In 2001, the world turned its attention to Afghanistan. In the wake of 9-11, everyone suddenly wanted to know more about this small country in Asia where Osama Bin Laden had planned and orchestrated the attack on the World Trade Centers and Pentagon. All of a sudden the media was full of experts who wanted to explain the Taliban to us, explain what dangerous crazy extremists they were, and why we needed to go over there and take them out.
There is a whole 'nother post in the question of why the US did nothing to help the women in Afghanistan until aafter 9-11, but the question I want to pose is whether things in Afghanistan would have happened the way they did if A Thousand Splendid Suns by Khaled Hosseini had been published in the 1990s instead of after 9-11. If more people had known about the conditions for women and girls in Afghanistan, would more have been done to remove the Taliban before Bin Laden moved in?
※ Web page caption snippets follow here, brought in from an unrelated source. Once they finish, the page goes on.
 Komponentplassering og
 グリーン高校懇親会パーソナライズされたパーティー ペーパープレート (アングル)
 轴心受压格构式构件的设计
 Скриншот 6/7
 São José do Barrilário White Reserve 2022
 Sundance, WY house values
I realize this is a fairly simplistic view of geopolitics, but as someone who believes in the power of reading to create understanding across cultures, I have to believe that increased knowledge of world issues would somehow lead to different results.
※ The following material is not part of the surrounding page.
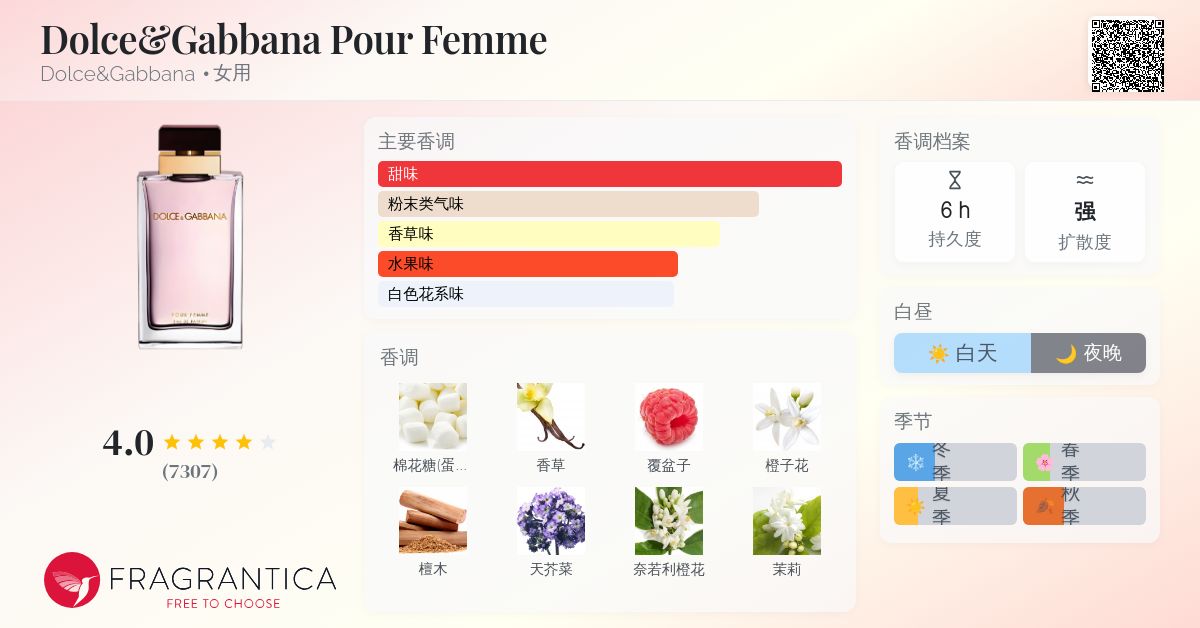 Dolce&Gabbana Pour Femme Dolce&Gabbana 香水- 一款2012年女用香水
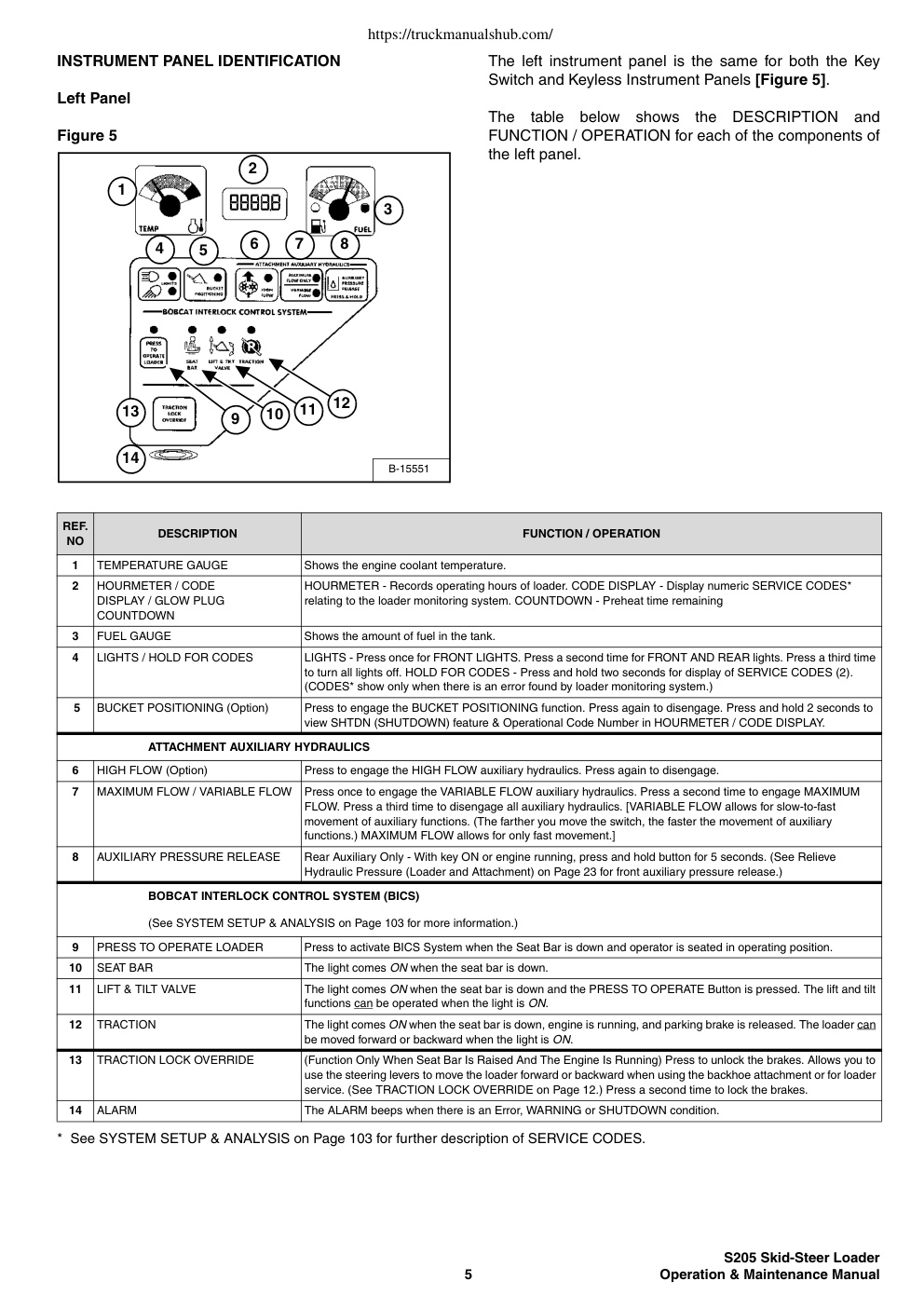 Aperçu de la page 25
Teachers will tell you that reading opens doors in your imagination, that by reading you can explore new worlds and escape to exotic places. And that is certainly true. But there are authors who are out there writing truth to power, authors who have written works that hold up injustice and demand us to look, not to turn our heads. And because reading is transactional, those of us who read those authors and those books can't help but be changed by the experience.
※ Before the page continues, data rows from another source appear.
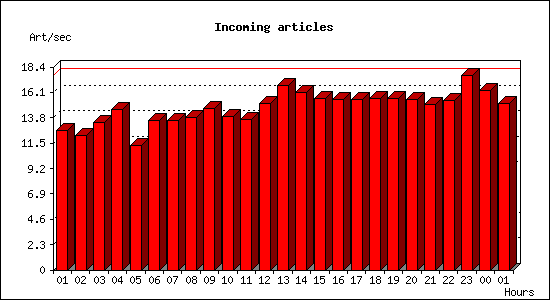 Incoming articles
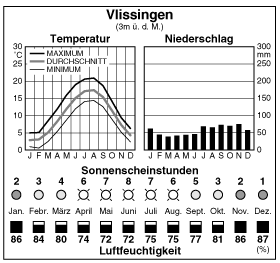 Climate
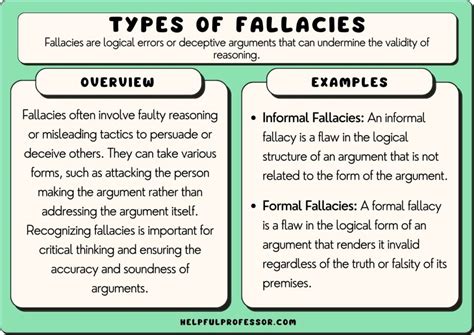 fagalicious|Fallacious .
Obviously non-fiction seems like a good place to start when talking about books that can lead to social change. And to be sure there are plenty of thoughtful, passionately argued non-fiction books that can lead to greater insights about the issues of human rights and justice. Three Cups of Tea by Greg Mortensen is an example of non-fiction that is both informational and emotional. But what about those of us that prefer fiction? Well I say that sometimes, fiction is the best way to highlight social issues. Fictional narratives on the scale of A Thousand Splendid Suns do more than tell us the facts and figures about oppression-they allow us for a period of time to live the lives of those affected by injustice. They give us a cultural context for the what we see on the news. And making connections with characters that lead such seemingly different lives can bring home to us just how similar the human experience is, regardless of place or time.
So, what should you be reading? I've added a new page to the blog, where I've listed some recommendations of books that I have read or read enough about that I can attest to their worth. If anyone has other titles, just put them in the comments. All of the blurbs come from Goodreads or Amazon. Some of them are difficult to read, some are joyful and uplifting, but all highlight issues affecting people somewhere in the world. As that prolific author Anonymous said, "Nobody's free until everybody's free."